Les Green on borderline law

Here’s Les Green on the importance of unwritten constitutions.

The main difficulty I have with his commentary is this. I can imagine a critic — Green’s dialectical opposite, Maur Red — saying, “Look, okay, so the US is a borderline case of law. Who cares? It’s still law.” If asked to clarify, Red could say: “What’s at stake here is not whether US law is a form of law, but whether or not it is an exemplar, an instance of the focal meaning of law. These are different issues.

As I imagine the conversation going, I think Red could then chastize Green for overspeaking when he claims that this entails that US law is not “actually” law, because nothing at all follows from concluding that US law is a borderline case of law. For that is apparently no more defensible than saying, e.g., that penguins are not really birds, given that penguins are a borderline case of birds, or that the half-competent doctor is not really a doctor, given that the doctor qua doctor makes no errors.

What Green should say, instead, is that US law is on the verge of being a near-miss case of law, which is a special kind of borderline case. And Red might concede that that would be worrisome. But then, he might conclude, you cannot infer that something is a near-miss case of law just because you deny that it has the qualities of an exemplar case, any more than you can infer “penguins are not birds” from “penguins are not robins or bluejays (etc.)” Only some borderline cases are near-misses. Others are just odd, ironic, or unexpected.

Premier Ford and the rule of law

Recently, a constitutional challenge arose in the province of Ontario, as the newly elected Conservative Premier sought to pass a Bill to interfere with Toronto municipal elections mid-cycle to settle a few scores in his old stomping grounds. Problems arose when the judiciary told him he was violating the Charter. Tensions ratcheted up when he invoked the little-used notwithstanding clause — section 33 — in order to overcome the decision of the Court, resulting in widespread dissent from legal professionals and from the official opposition. Just recently, Ford’s party won an appeal, as a stay was placed on the Court verdict that blocked the Bill.

For now, let’s put aside the merits of the stay or the claimed violation of the Charter. Instead, zoom in on Ford’s reason for opting out of the Canadian constitution. Focus on the rationale: “unelected judges”, filed under apparent threats to democracy. Pin this little offering to a corkboard. Put a light on it. Study under glass.

The invocation of section 33 was argued on ostensibly democratic grounds.
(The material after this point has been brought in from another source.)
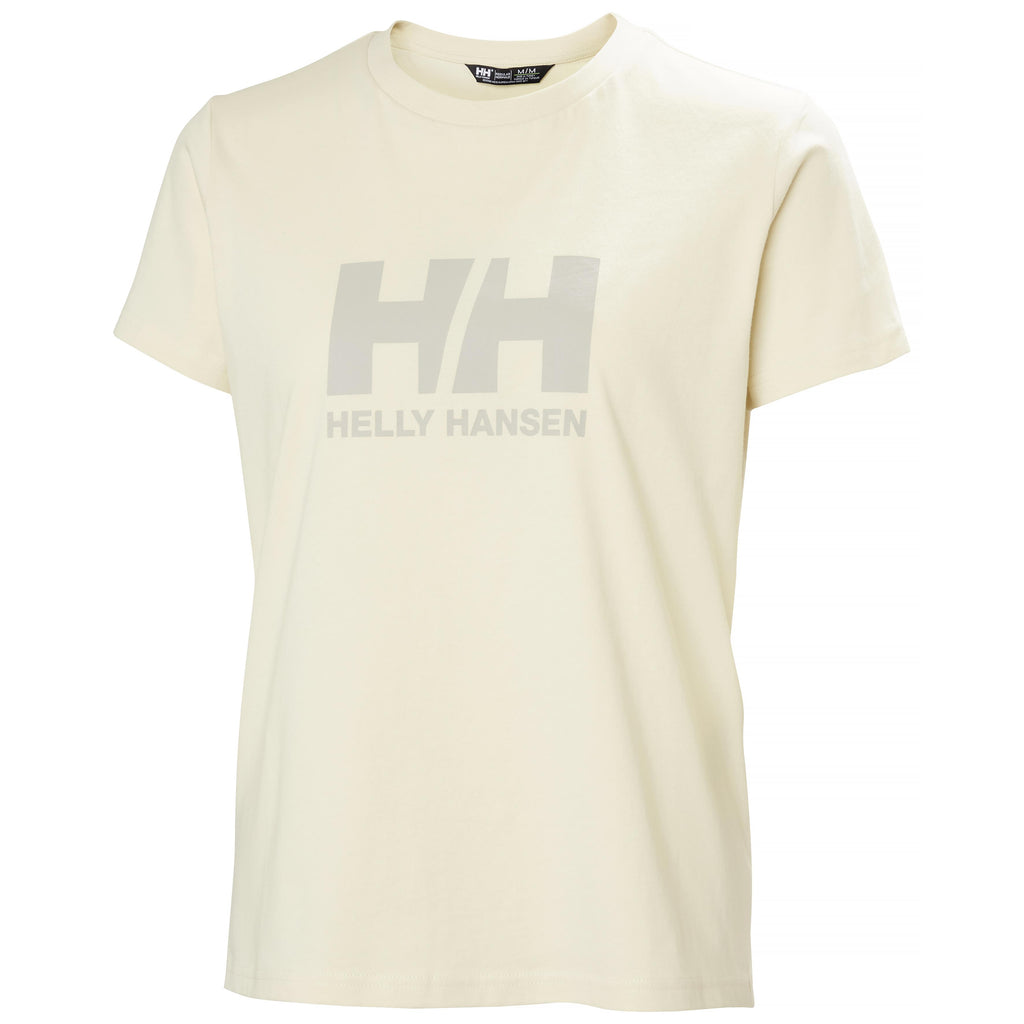 HELLY HANSEN W HH LOGO T-SHIRT 3.0 HHA.54593Cream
Compare specimen to encyclopedia of modern conservative thought. The pattern of argumentation that could have been reminiscent of Jeremy Waldron’s majoritarianism, if done thoughtfully. Admittedly, it’s a weird species of argument to us, we the complacent and diffident Canadians. But the world is weird. That’s why we keep reference manuals. Gotta keep an index of all the weirds.

Now turn back to the corkboard. The actual arguments presented were a mixture of Pravda and Powerpoint. Mutant variation. Pull out the red pen.

**

  1. At bottom, a nation of laws is a nation that makes sense, whose stability can be taken for granted. We can only get the first glimmer of a sense of obligation to such institutions when we see their rules as a going concern. The stability of law is primarily achieved through judicial review, an institution where governmental rules are deliberately and carefully interpreted and maintained. The judges are curators and stewards.
  2. When we talk about our favorite form of government— democratic, monarchical, or whatever— we are tacitly making an assumption that the rulers are not being systematically misled. The sovereign’s affirmation of counsel implies they have *informed consent*. So, if a monarch is constantly fooled by a Rasputin, then it is not strictly speaking a monarchy. Similarly, if a population is fed on a diet of lies, then strictly speaking we cannot say there is a democracy. Every form of government depends on faithful expertise.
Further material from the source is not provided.